Senhorita Júlia é uma peça escrita por August Strindberg, publicada originalmente em 1888. Esta peça é considerada uma das mais importantes dentre as suas obras dramáticas, que chegam ao impressionante número de 60 peças. Strindberg está entre os maiores escritores suecos de todos os tempos. A sua importância é tamanha que é a partir das suas obras, mais precisamente a partir do romance Salão Vermelho, de 1879, que se inicia o período linguístico chamado Sueco Contemporâneo. Foi a partir daí que a língua nacional sueca passou a se impor sobre os dialetos regionais, culminando na sua estabilidade total em 1906, e se consolidando até os dias de hoje. O escritor é reconhecido por ter influenciado fortemente o teatro do final do século XIX e início do século XX. Importantes dramaturgos da história do teatro reconhecem a importância da dramaturgia de Strindberg, dentre eles Tennessee Williams, Máximo Górki, Eugene O’Neill e também o diretor Ingmar Bergman. Essa peça passa a figurar, portanto, entre os clássicos do teatro, um deleite não só para os aficionados do palco, mas também para os amantes da alta literatura.

Júlia é uma jovem aristocrata, filha de um conde, que acabara de romper o noivado. Sobre esse assunto conversavam os outros dois personagens, no início da peça, Jean e Kristin, o serviçal e a cozinheira do conde. Eles comentam sobre a conduta atípica da patroa, levando em consideração o que se espera de uma mulher solteira. Jean relata ter visto como aconteceu o rompimento entre o casal de noivos, julgando inadequado o comportamento da patroa. Essa forte moral presente nas falas do personagem é o diapasão certo para o início da peça. Caros leitores, segurem-se! Foi dada a largada e os acontecimentos trágicos irão se suceder em intensidade arrebatadora.

Strindberg apresenta primeiro o homem, Jean, submetido a um trabalho que sonha em deixar para trás, por se considerar acima de sua classe social. Desejo esse vindo dos conhecimentos e elegância que adquiriu com o tempo. Depois o dramaturgo nos presenteia com a bela, livre e sedutora Júlia, uma mulher que não se submete aos homens e que não dá importância aos códigos de conduta socialmente impostos. Uma grande mulher que parece encantar tudo o que toca. E é Jean o alvo de seus desejos. Esses dois personagens se envolvem visceralmente, numa sedução que parece arrebatar os românticos de plantão, como em Romeu e Julieta. Eles se digladiam, ou dançam, na melodia suave do amor e nos tons dramáticos de uma guerra de poder. É o contraponto. A mulher rica que não quer se submeter ao homem, e o pobre, porém homem, que não quer se submeter à patroa. Classes sociais se rasgam diante da luta de gêneros, da guerra dos sexos. Strindberg não vai perdoar. Ele retrata bem o que acontecia lá, em 1888, e ainda acontece, quando as mulheres se atrevem a buscar a igualdade com o homem. Nossa Júlia é tragicamente punida.

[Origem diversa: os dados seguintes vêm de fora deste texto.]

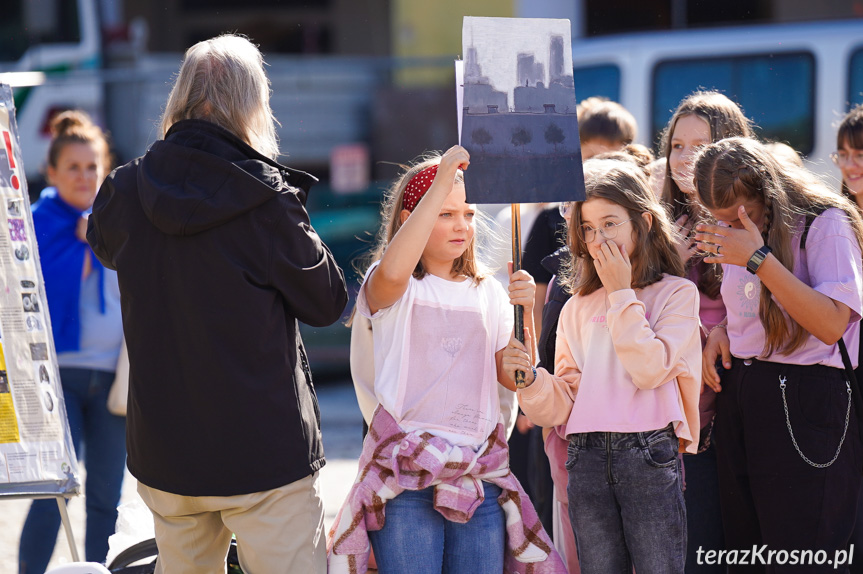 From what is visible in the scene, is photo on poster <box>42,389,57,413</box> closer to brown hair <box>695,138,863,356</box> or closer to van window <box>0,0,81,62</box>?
brown hair <box>695,138,863,356</box>

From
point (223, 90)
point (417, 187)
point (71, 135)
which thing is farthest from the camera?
point (71, 135)

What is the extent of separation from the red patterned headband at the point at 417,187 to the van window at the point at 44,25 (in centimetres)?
725

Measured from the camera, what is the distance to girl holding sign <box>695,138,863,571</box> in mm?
2652

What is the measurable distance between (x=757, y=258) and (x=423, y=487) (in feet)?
3.63

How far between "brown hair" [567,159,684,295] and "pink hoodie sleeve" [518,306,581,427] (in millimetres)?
181

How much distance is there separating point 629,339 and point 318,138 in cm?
650

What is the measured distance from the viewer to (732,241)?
2.63 meters

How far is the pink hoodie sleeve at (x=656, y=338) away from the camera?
248 cm

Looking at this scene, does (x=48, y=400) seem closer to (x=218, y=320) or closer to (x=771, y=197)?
(x=218, y=320)

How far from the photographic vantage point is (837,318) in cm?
260

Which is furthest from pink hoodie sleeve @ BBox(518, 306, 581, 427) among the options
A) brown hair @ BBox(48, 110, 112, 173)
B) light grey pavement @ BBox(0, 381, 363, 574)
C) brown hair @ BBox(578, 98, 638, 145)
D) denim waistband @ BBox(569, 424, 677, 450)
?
brown hair @ BBox(48, 110, 112, 173)

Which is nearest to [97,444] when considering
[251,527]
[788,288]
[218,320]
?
[251,527]

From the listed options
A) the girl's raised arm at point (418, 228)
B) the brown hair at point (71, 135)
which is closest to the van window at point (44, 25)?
the brown hair at point (71, 135)

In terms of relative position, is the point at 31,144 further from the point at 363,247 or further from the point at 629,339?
the point at 629,339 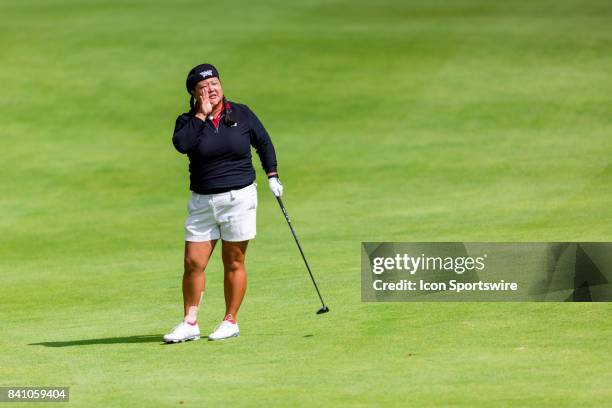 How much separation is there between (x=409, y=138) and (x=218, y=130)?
12806 millimetres

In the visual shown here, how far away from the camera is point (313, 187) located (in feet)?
71.0

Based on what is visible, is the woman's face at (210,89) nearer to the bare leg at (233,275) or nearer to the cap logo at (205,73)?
the cap logo at (205,73)

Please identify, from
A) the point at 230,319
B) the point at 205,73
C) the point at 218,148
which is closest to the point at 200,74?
the point at 205,73

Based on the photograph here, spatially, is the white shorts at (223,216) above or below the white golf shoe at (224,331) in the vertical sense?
above

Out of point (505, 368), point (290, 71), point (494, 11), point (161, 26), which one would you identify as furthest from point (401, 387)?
point (494, 11)

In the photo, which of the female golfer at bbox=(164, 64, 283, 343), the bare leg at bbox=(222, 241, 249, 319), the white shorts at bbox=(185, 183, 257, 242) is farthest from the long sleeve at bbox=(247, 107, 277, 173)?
the bare leg at bbox=(222, 241, 249, 319)

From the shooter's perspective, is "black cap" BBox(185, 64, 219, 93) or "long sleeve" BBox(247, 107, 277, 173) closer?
"black cap" BBox(185, 64, 219, 93)

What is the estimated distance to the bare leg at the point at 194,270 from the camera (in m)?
11.9

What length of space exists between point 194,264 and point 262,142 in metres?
1.23

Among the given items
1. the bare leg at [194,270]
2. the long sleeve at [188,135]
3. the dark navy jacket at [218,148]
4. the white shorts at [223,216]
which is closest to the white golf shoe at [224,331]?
the bare leg at [194,270]

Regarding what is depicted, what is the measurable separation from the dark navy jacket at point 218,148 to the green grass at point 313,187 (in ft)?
4.53

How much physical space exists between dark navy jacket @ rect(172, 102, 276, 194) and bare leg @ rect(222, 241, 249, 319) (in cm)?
55

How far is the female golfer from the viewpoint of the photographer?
11.6 meters

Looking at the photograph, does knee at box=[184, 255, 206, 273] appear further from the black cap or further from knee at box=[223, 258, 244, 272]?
the black cap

Há quem diga que Strindberg não permitia que as personagens femininas de suas peças se rebelassem contra os homens, a não ser que ele quisesse retratar, no seu entender, a natureza destrutiva das mulheres. É provável que isso se dava em virtude dos conturbados casamentos que o autor teve. Muitos acreditam que ele chegou a se tornar misógino. Mas uma grande obra de arte sempre ultrapassa as questões humanas de seu artista criador, e hoje a peça se revela no sentido oposto ao que se dizia sobre Strindberg. Ela reflete como somos enquanto sociedade, enquanto homens, mesmo que já se tenham passado 130 anos. O teatro, caro leitor, é espelho.